Moscow, SANA – Three rounds of discussions were held on Wednesday between the delegation of the Syrian government and that of the opposition figures in the framework of the Russian-hosted consultative meeting in the Russian capital Moscow. The meetings were concluded in the evening, and will resume at 10 am on Thursday.
During the third round, the government’s delegation criticized the opposition delegation for refraining from mentioning the Turkish, Qatari, Saudi, U.S., and Israeli roles in the crisis in Syria.
The delegation said that those who want to take part in inter-Syrian dialogue without foreign interference are welcome to come to Damascus, adding that the Syrian government supports moderate figures, but not the armed so-called “moderate opposition” sponsored by the United States, as all those who bear arms outside the framework of the state are terrorists.
The delegation also voiced solidarity with the Russian government and people in the wake of the terrorist attack on the Russian Embassy in Damascus which took place on Wednesday.

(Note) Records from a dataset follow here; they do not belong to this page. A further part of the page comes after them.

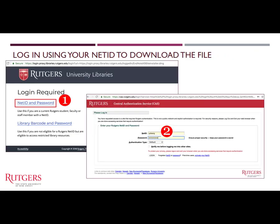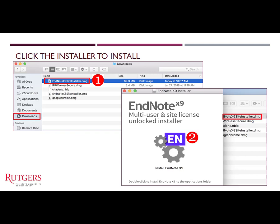After you click EndNote X9 for Mac, you will be brought to the login page. Click NetID and password to log in and download the program. It will be downloaded to the Downloads folder. Go to the Downloads folder and click the installer, which says EndNote X9 siteinstaller.dmg, to start the installation process.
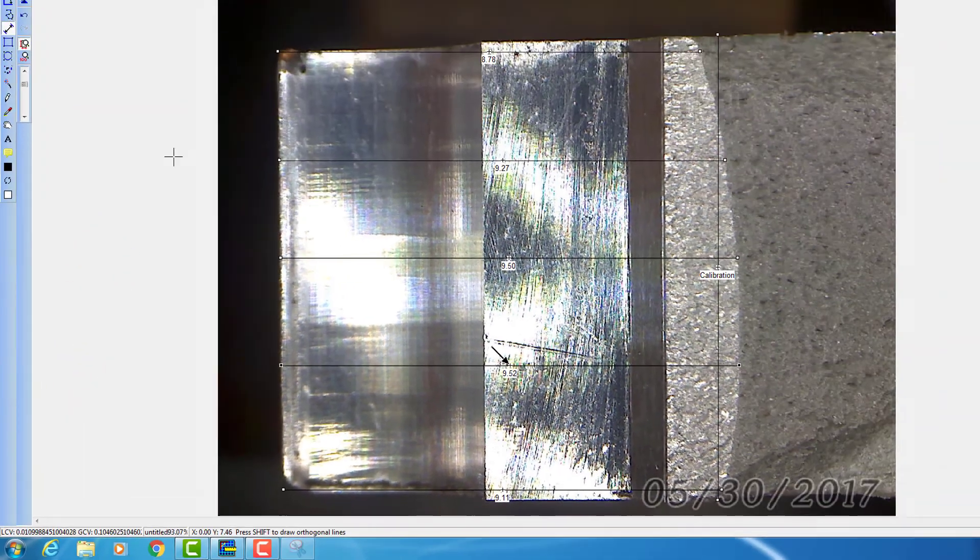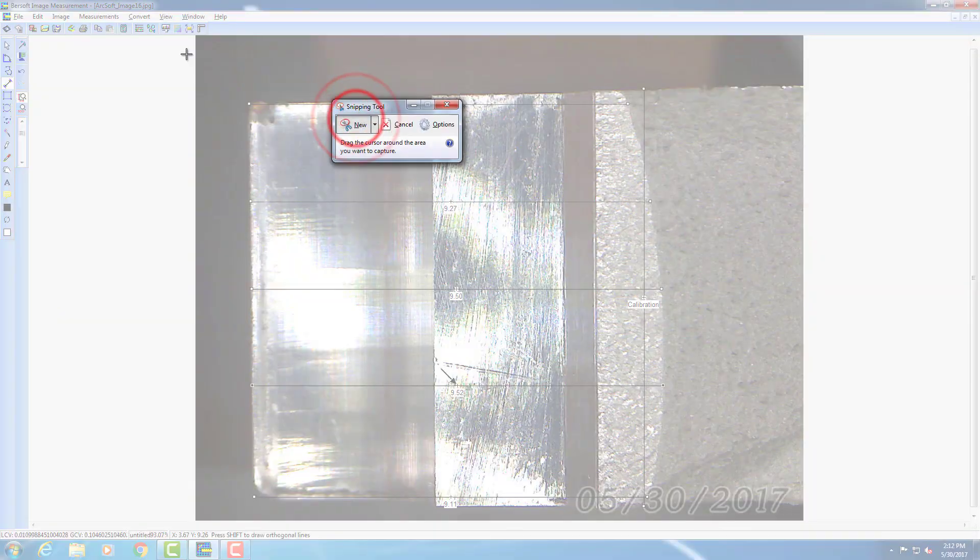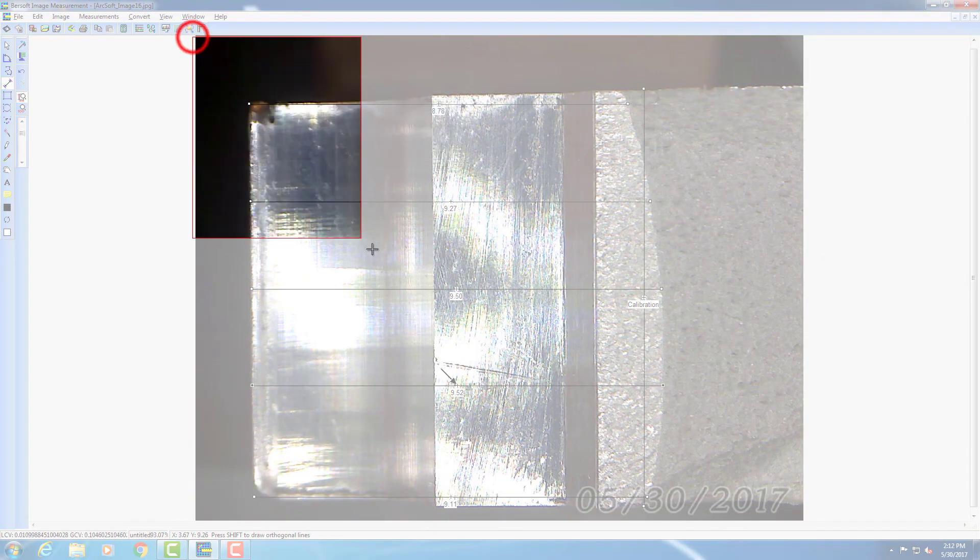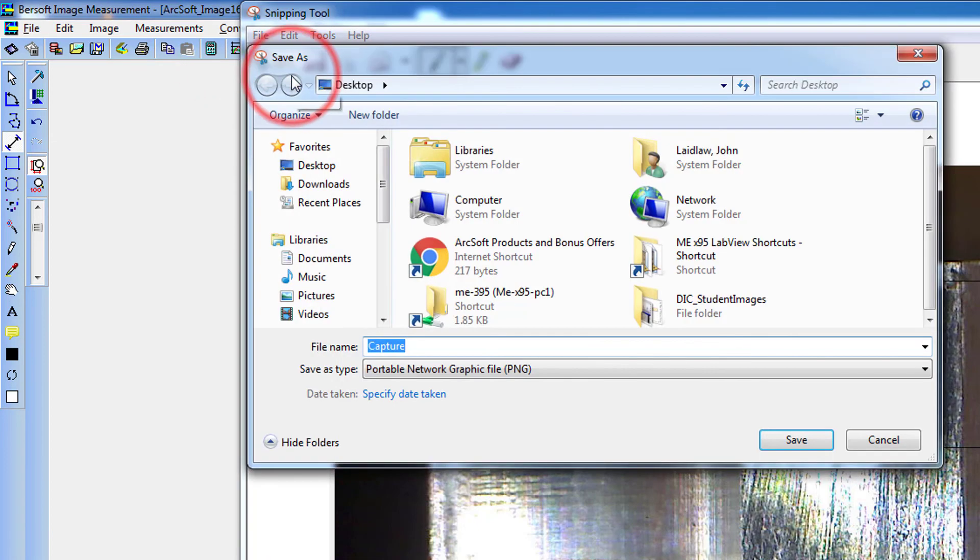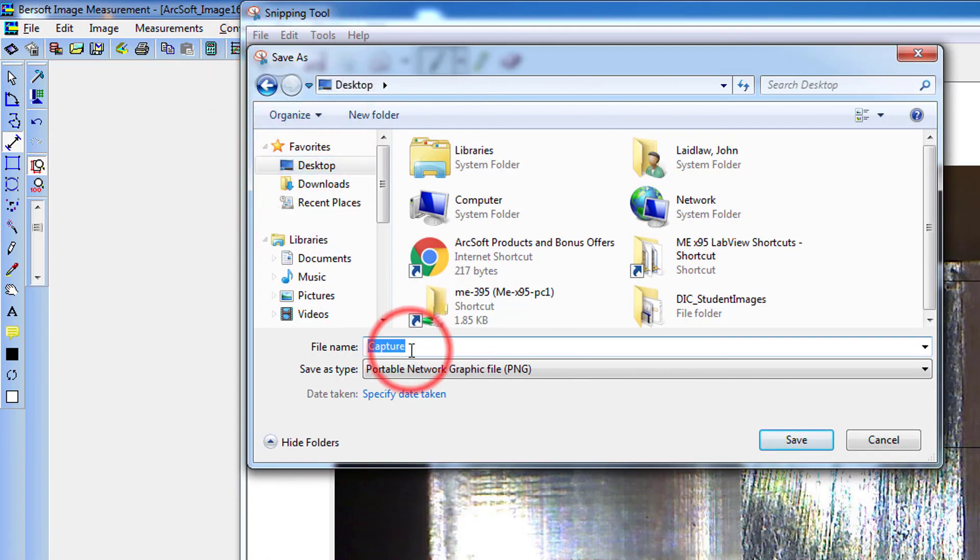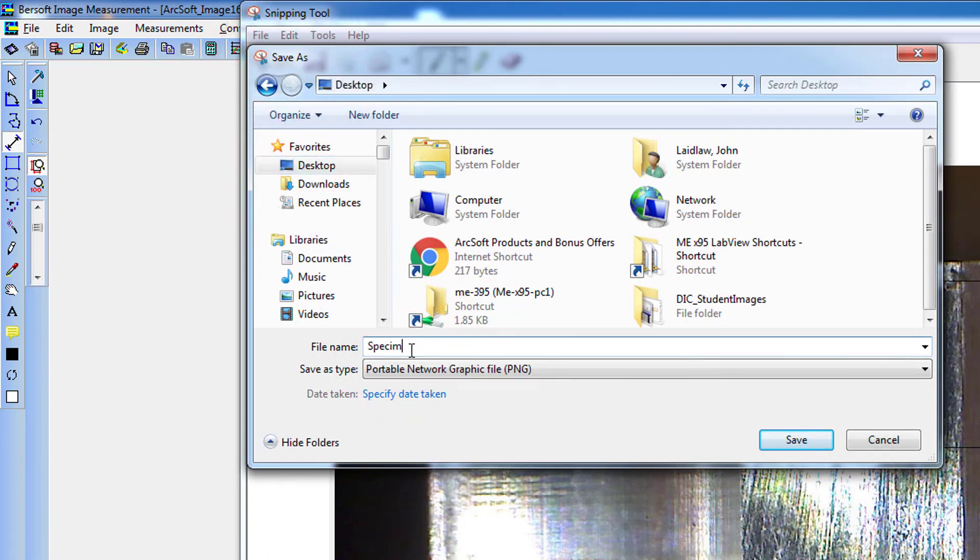use the Windows Snipping Tool to capture a picture of the dimensioned image and save to the desktop. The save feature in the software yields an image with unreadable dimensions, hence we recommend the Snipping Tool. Exit the program when you're done.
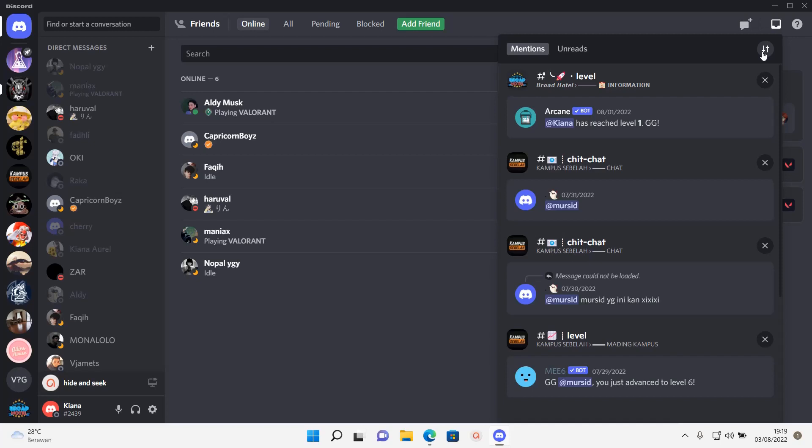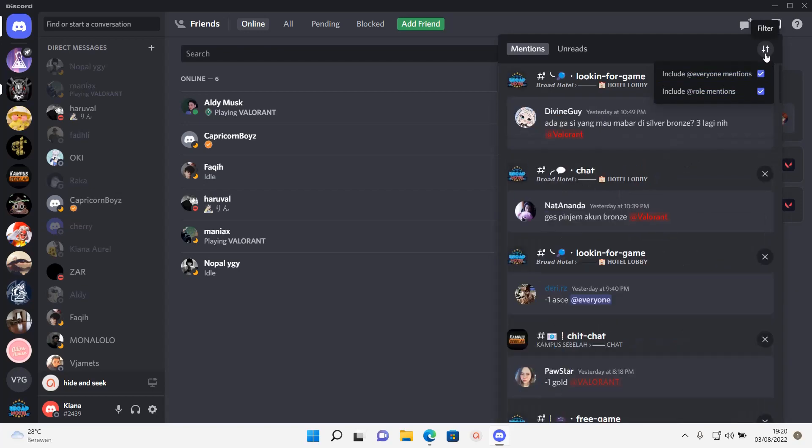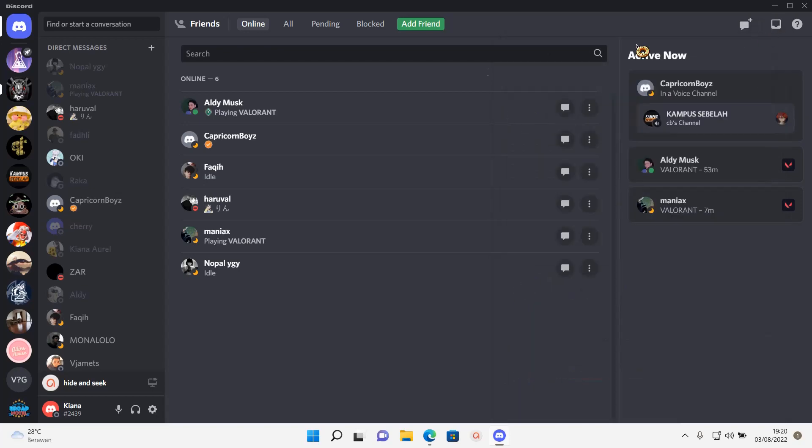find the mentions that are specifically to you. And if you want to have the everyone mentions back, you can just tick this again. And that is basically it. I hope this tutorial was helpful for you guys.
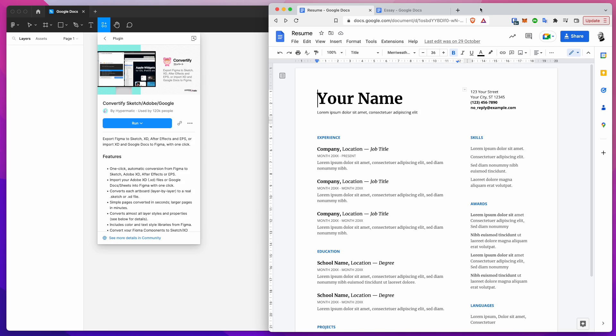Hey everyone, this is Adam and today I'm going to be showing you how to automatically import any documents from Google Docs directly into your Figma files using the Convertify plugin.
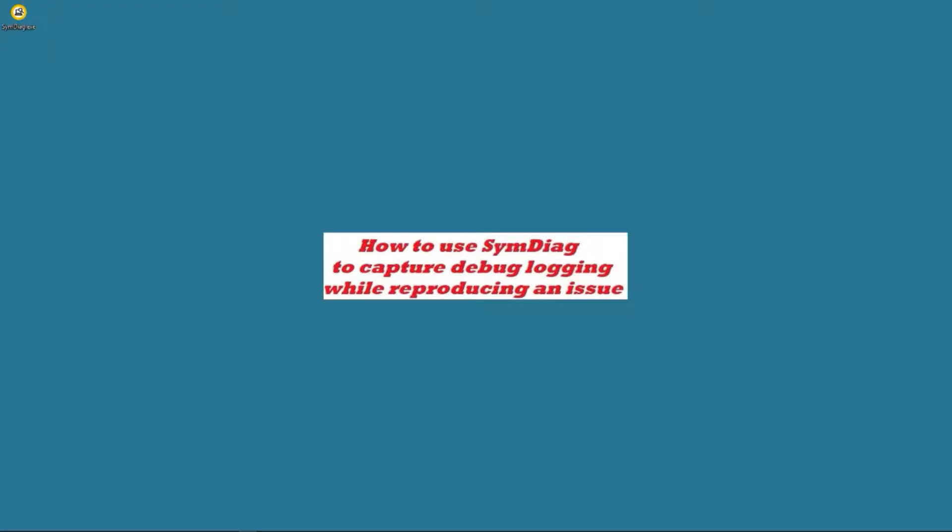Welcome. My name is Mike and today we're going to show you how to use SymDiag to capture debug logging while reproducing an issue.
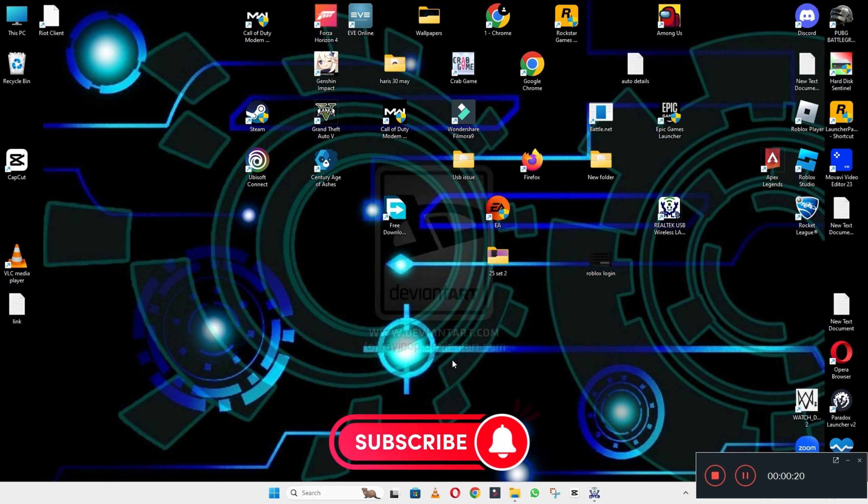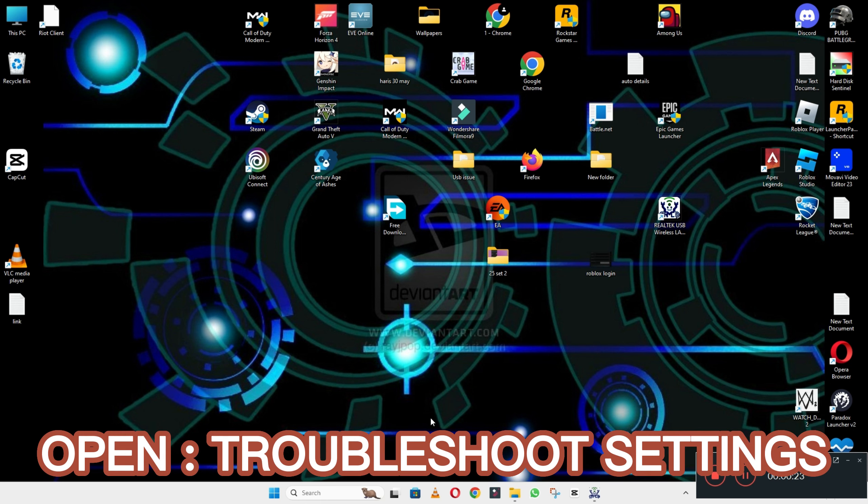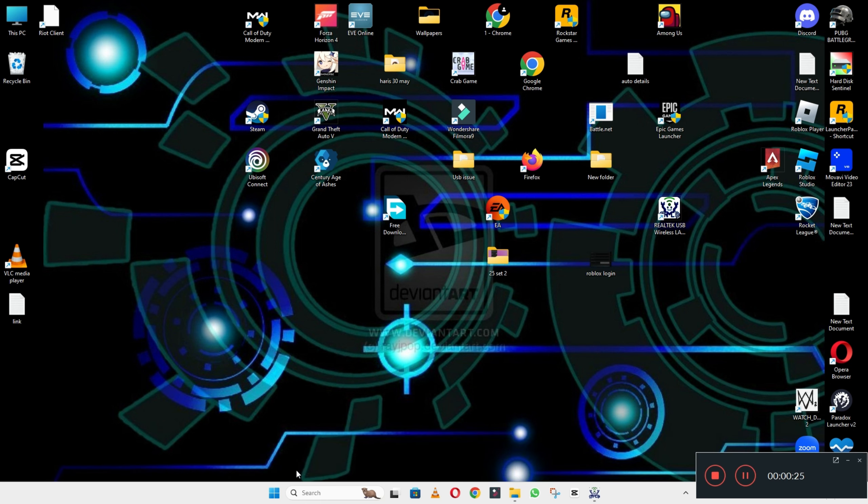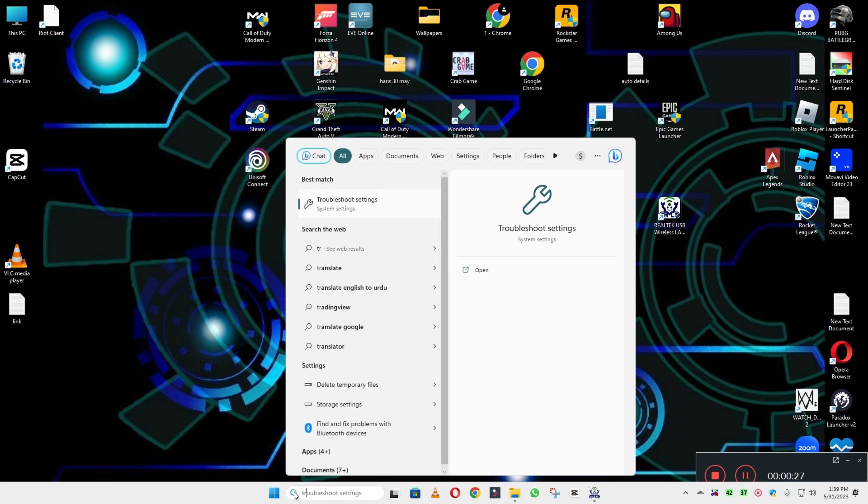Before I start, if you are new here, don't forget to subscribe and press the bell icon. Now to learn about it, just watch the complete video, follow all the steps, and you will learn how you can do it.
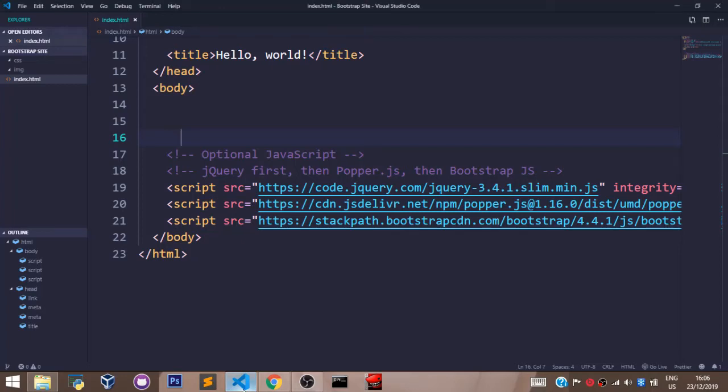Welcome back. In this video, we shall talk about margins and paddings in Bootstrap.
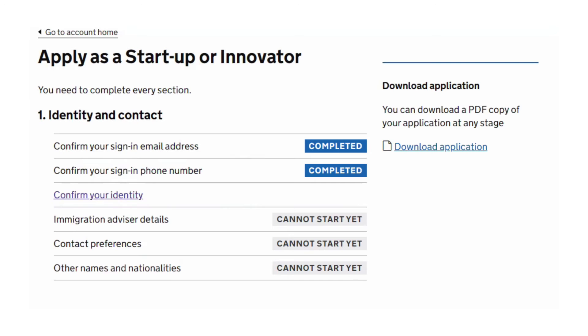I have other videos on how to set up the app and scan your passport, but what we'll look at now is how to connect the app with your online application. This is an example from a startup or innovator visa, but the screen is the same for all visa categories.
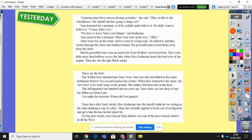These are the facts. The Walker boat smashed into Sam's boat. Sam was shot and killed in the water. Catherine Barlow was rescued against her wishes. When they returned to shore, she saw Mary Lou's body lying on the ground — the donkey had been shot in the head. That all happened 110 years ago. Since then, not one drop of rain has fallen on Green Lake. Three days after Sam's death, Miss Catherine shot the sheriff while he was sitting in his chair drinking a cup of coffee, then carefully applied a fresh coat of red lipstick and gave him the kiss he had asked for. For the next 20 years, Kissing Kate Barlow was one of the most feared outlaws in all the West.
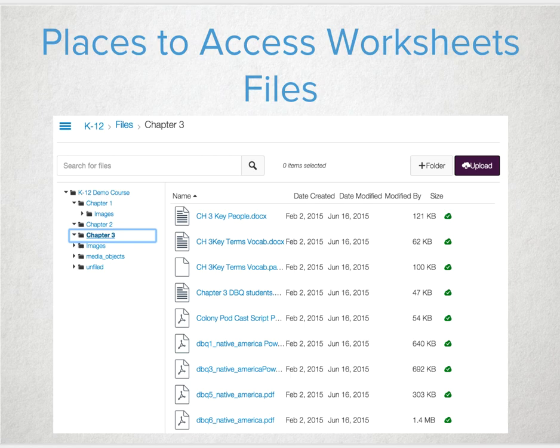Many folks look at the files area because they're adding a file to the course. But is that the most realistic location for your students to try and access materials that might be time sensitive?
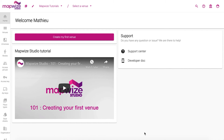Hi, welcome to Mapway Studio. In this video I will show you how to create your first venue, add some image sources, places, directions, and then share it with a simple link.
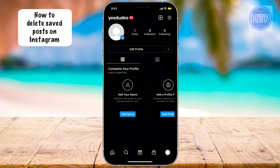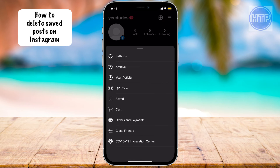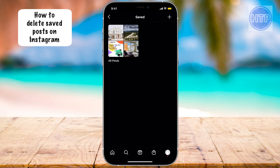What we want to do first is select the three horizontal lines in the upper right-hand corner. From here, we have a couple different options, and what we want to select or tap on is where it says Saved. So let's go ahead and select Saved, and then from here you would select the category that you want to delete some photos from, or you can just go right into All Posts.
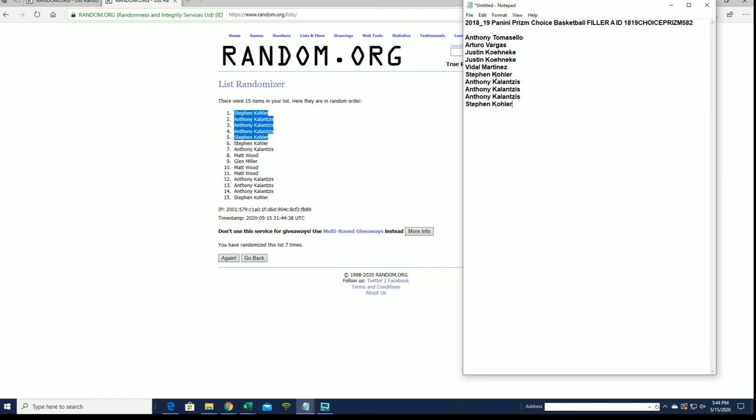Alright, you guys will join the crew here from A and Prism Choice should be coming up shortly. Thanks guys for joining. 582 cash.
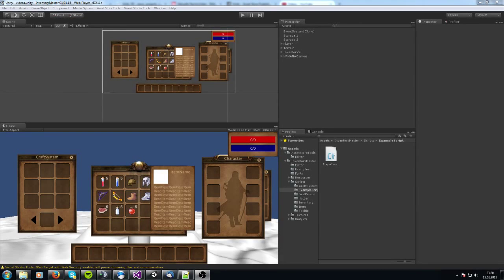Hello, my name is Sander and welcome back to another video about the Inventory Master asset. Today we are going to create a random loot system that lets items randomly spawn on the terrain, and yeah, that's pretty easy to be honest.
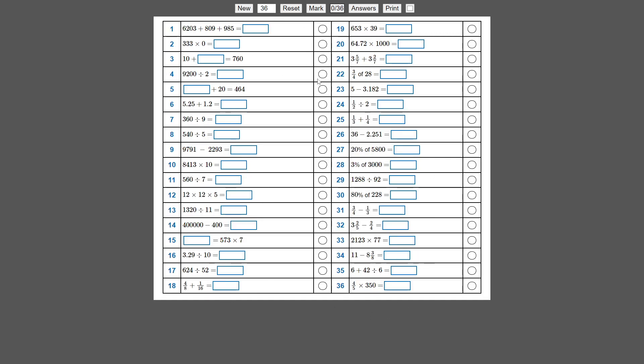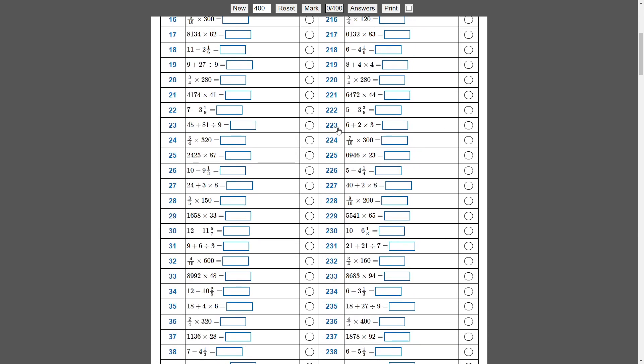So now there's nothing to stop you saying, OK, those last four questions are really causing my class a lot of trouble, let's give them 400 of those and then off you go.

At the beginning of the first round, the participants observed a moment of silence in honor of the souls of Syria’s martyrs, both military members and civilians, upon a request by the government delegation.
Syria’s UN Permanent Representative Bashar al-Jaafari, who is heading the government’s delegation, delivered a speech at the opening of discussions in which he stressed that the consultative meeting should not be a form of grandstanding.
“Our consultative meeting should be a serious platform to reflect the goal of the meeting, which comes amid a lot of suffering, losses and challenges facing our dear homeland,” said al-Jaafari.
He stressed that the Syrian government has since the outset of the crisis been doing everything necessary to protect the citizens and homeland.
The government, he added, “has been open to dialogue with everybody, and has assumed its constitutional responsibilities.”
He referred to the package of amendments to legislations and laws made by the government, including the Parties Law, which “has drawn political life and allowed the forming of parties to ensure political pluralism.”
Al-Jaafari also cited the issuing of new laws for Local Administration and Media and the government’s engaging of all spectra of the Syrian society to draft a new constitution that was approved by the majority of the Syrian people in a referendum.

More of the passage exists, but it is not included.